"Io, di sinistra, vi dico: voglio che torni Silvio"

Mettilo giù, le hanno detto. Metti giù quel cartello....
Ma la ragazza del cartello ha resistito. Eliana, 38 anni, è precaria al Comune di
Venezia e ieri pomeriggio portava a passeggio al corteo contro la legge Biagi questa scritta: "Voglio che torni
Berlusconi, così il popolo di sinistra ricomincia a pensare"

da Roma

Mettilo giù, le hanno detto. Metti giù quel cartello. Ma la ragazza del cartello ha resistito. Eliana ha 38 anni, ha i capelli ricci e gli occhi neri, è precaria al Comune di Venezia e ieri pomeriggio portava a passeggio al corteo di Roma contro la legge Biagi questa scritta: «Voglio che torni Berlusconi, così il popolo di sinistra ricomincia a pensare ». È la verità, per lei. Dunque ha fatto male. Cosa le hanno detto in corteo, Eliana? «Qualcuno ha un po’ contestato, c’è il rischio che ti strumentalizzino, dicevano, mi hanno criticata». Perché lo ha scritto? «Esprime la mia confusione in questo momento. Non ci sto al ricatto: stiamo con Prodi sennò torna Berlusconi». Quindi non stiamo con Prodi. «Sono sempre stata di sinistra, ambientalista e pacifista, ma vedo che questo governo sul Welfare, sulla politica estera, sta seguendo la stessa linea del governo Berlusconi. Devono riflettere. Il cartello è una provocazione». E lei? «E io non ci sto con le politiche del governo Prodi e allora è meglio che tornino a casa. Anche se sono di sinistra.
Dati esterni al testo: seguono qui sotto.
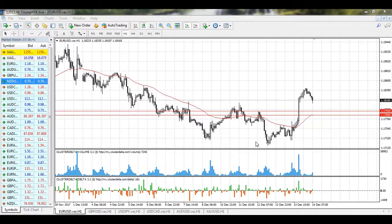Hi guys, welcome to the daily technical forex forecast for the 14th of December. My name is Andrew Alshanecki, I'm a technical analyst at TriumphFX, and as usual we begin our forecast with the EURUSD.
Insomma sono confusa». Chi l’ha delusa di più? «No, nomi non ne faccio, ma dico solo che il governo Prodi ha aumentato le spese militari e che questo accordo sul Welfare rischia di farmi rimanere precaria a vita. Non si può ripetere che questo è un governo amico». Si aspettava un governo così? «No. Questo è il motivo per cui ho scritto questo cartello».